» Data for this exercise:
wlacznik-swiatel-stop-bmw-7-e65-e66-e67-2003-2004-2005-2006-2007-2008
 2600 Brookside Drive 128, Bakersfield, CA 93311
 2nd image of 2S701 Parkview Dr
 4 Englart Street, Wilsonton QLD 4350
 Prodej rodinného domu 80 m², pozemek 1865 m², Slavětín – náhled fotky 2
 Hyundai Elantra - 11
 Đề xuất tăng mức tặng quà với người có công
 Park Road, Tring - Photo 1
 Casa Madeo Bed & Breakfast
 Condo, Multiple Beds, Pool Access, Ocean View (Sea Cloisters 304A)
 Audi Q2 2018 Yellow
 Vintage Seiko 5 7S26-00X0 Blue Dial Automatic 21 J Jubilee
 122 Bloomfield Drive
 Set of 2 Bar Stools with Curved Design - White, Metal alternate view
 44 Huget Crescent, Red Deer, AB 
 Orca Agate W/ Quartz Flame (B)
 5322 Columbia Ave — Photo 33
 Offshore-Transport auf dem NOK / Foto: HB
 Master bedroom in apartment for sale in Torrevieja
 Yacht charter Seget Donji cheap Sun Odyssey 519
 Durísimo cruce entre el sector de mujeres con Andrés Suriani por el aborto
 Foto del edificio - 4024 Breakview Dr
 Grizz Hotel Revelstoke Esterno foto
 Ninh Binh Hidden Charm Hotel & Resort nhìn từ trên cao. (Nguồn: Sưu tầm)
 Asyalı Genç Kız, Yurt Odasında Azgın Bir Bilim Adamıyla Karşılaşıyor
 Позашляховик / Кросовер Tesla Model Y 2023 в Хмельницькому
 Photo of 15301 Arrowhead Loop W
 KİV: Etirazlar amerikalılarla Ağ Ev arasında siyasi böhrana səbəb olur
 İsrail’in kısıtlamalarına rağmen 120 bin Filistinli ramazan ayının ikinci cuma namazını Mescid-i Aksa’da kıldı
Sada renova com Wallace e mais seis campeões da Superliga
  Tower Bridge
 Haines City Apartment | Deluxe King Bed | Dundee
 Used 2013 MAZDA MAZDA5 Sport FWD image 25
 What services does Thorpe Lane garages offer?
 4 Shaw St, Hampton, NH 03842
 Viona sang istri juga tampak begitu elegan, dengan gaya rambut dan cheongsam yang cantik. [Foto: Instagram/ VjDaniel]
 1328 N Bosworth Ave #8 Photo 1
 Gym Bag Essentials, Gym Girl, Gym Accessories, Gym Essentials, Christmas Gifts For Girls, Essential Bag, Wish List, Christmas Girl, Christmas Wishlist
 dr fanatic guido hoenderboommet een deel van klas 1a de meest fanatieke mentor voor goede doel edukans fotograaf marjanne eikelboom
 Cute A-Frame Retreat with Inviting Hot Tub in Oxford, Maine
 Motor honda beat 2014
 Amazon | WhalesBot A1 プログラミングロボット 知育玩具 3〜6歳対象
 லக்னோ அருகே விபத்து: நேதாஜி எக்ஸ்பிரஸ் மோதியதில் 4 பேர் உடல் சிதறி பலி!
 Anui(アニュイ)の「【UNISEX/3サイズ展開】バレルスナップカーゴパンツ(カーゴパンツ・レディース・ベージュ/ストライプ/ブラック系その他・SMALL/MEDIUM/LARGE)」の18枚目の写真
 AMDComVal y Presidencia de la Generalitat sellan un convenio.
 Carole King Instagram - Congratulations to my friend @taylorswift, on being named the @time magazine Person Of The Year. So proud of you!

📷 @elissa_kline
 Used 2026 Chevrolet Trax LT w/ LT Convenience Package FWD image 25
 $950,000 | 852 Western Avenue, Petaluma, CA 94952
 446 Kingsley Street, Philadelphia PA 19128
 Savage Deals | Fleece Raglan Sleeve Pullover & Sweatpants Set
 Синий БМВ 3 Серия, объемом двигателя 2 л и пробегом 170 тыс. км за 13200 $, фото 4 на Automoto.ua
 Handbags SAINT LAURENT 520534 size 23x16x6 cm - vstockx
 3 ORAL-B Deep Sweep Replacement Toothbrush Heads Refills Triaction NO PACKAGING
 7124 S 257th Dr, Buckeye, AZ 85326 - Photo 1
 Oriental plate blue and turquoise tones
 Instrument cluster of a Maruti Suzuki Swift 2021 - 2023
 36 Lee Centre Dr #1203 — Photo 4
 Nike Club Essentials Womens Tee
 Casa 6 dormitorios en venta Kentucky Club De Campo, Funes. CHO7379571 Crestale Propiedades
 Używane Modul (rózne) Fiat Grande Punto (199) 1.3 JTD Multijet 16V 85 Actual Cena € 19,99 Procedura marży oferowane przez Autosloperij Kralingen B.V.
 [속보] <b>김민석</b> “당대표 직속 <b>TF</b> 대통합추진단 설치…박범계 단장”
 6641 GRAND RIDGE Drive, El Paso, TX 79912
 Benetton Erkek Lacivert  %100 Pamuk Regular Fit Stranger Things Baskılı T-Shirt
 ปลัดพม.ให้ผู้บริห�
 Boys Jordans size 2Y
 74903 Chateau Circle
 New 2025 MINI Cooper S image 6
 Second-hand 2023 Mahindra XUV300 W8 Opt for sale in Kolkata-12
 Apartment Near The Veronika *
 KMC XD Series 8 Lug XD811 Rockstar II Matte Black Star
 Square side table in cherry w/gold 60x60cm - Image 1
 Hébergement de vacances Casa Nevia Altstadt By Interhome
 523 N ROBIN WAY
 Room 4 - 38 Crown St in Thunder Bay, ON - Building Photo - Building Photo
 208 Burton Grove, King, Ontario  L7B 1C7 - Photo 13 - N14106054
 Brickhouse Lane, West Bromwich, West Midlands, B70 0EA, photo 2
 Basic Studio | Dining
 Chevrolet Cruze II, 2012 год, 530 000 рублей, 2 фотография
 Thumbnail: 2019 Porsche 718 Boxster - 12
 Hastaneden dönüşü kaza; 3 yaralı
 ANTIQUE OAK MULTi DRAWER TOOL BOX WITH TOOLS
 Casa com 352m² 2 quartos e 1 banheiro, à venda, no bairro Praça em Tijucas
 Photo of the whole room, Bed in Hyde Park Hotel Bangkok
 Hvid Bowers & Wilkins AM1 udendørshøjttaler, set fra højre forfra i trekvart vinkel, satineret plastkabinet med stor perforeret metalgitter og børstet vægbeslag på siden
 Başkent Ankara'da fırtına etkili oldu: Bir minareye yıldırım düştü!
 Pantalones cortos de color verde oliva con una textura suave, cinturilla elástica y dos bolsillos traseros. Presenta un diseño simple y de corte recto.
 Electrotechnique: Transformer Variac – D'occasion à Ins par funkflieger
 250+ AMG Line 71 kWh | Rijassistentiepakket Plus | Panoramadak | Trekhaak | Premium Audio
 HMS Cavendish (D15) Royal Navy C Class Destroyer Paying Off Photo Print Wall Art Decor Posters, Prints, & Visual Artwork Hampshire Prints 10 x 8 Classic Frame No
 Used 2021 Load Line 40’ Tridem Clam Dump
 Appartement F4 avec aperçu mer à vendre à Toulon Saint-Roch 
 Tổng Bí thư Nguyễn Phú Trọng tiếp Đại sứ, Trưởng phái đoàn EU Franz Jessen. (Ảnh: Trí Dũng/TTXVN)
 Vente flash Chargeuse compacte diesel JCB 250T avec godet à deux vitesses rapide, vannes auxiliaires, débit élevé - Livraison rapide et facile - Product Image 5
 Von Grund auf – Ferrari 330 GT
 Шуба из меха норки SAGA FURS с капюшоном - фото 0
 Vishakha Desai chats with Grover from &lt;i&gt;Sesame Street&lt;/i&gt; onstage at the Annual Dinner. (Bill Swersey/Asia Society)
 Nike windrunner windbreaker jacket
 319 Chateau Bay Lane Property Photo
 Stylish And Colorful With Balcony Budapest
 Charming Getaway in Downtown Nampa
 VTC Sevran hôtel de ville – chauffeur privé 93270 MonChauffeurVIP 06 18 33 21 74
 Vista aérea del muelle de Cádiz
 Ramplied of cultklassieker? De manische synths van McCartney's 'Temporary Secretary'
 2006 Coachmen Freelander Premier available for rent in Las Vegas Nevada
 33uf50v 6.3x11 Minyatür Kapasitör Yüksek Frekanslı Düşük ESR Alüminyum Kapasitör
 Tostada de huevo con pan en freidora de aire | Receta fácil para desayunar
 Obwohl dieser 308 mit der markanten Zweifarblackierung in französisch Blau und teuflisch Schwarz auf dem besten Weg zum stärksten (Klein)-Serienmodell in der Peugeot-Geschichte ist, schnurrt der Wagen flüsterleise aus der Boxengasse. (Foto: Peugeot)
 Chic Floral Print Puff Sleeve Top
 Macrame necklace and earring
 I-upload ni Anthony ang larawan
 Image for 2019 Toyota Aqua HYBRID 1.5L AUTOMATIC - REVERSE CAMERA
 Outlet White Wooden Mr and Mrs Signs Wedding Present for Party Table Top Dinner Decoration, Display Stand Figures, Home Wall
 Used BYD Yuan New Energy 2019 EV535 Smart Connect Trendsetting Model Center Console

» What is needed: Working from the records above, write out verbatim only the lines from the line containing "Casa 6 dormitorios" through the line containing "250+ AMG Line".

» Output of the exercise:
 Casa 6 dormitorios en venta Kentucky Club De Campo, Funes. CHO7379571 Crestale Propiedades
 Używane Modul (rózne) Fiat Grande Punto (199) 1.3 JTD Multijet 16V 85 Actual Cena € 19,99 Procedura marży oferowane przez Autosloperij Kralingen B.V.
 [속보] <b>김민석</b> “당대표 직속 <b>TF</b> 대통합추진단 설치…박범계 단장”
 6641 GRAND RIDGE Drive, El Paso, TX 79912
 Benetton Erkek Lacivert  %100 Pamuk Regular Fit Stranger Things Baskılı T-Shirt
 ปลัดพม.ให้ผู้บริห�
 Boys Jordans size 2Y
 74903 Chateau Circle
 New 2025 MINI Cooper S image 6
 Second-hand 2023 Mahindra XUV300 W8 Opt for sale in Kolkata-12
 Apartment Near The Veronika *
 KMC XD Series 8 Lug XD811 Rockstar II Matte Black Star
 Square side table in cherry w/gold 60x60cm - Image 1
 Hébergement de vacances Casa Nevia Altstadt By Interhome
 523 N ROBIN WAY
 Room 4 - 38 Crown St in Thunder Bay, ON - Building Photo - Building Photo
 208 Burton Grove, King, Ontario  L7B 1C7 - Photo 13 - N14106054
 Brickhouse Lane, West Bromwich, West Midlands, B70 0EA, photo 2
 Basic Studio | Dining
 Chevrolet Cruze II, 2012 год, 530 000 рублей, 2 фотография
 Thumbnail: 2019 Porsche 718 Boxster - 12
 Hastaneden dönüşü kaza; 3 yaralı
 ANTIQUE OAK MULTi DRAWER TOOL BOX WITH TOOLS
 Casa com 352m² 2 quartos e 1 banheiro, à venda, no bairro Praça em Tijucas
 Photo of the whole room, Bed in Hyde Park Hotel Bangkok
 Hvid Bowers & Wilkins AM1 udendørshøjttaler, set fra højre forfra i trekvart vinkel, satineret plastkabinet med stor perforeret metalgitter og børstet vægbeslag på siden
 Başkent Ankara'da fırtına etkili oldu: Bir minareye yıldırım düştü!
 Pantalones cortos de color verde oliva con una textura suave, cinturilla elástica y dos bolsillos traseros. Presenta un diseño simple y de corte recto.
 Electrotechnique: Transformer Variac – D'occasion à Ins par funkflieger
 250+ AMG Line 71 kWh | Rijassistentiepakket Plus | Panoramadak | Trekhaak | Premium Audio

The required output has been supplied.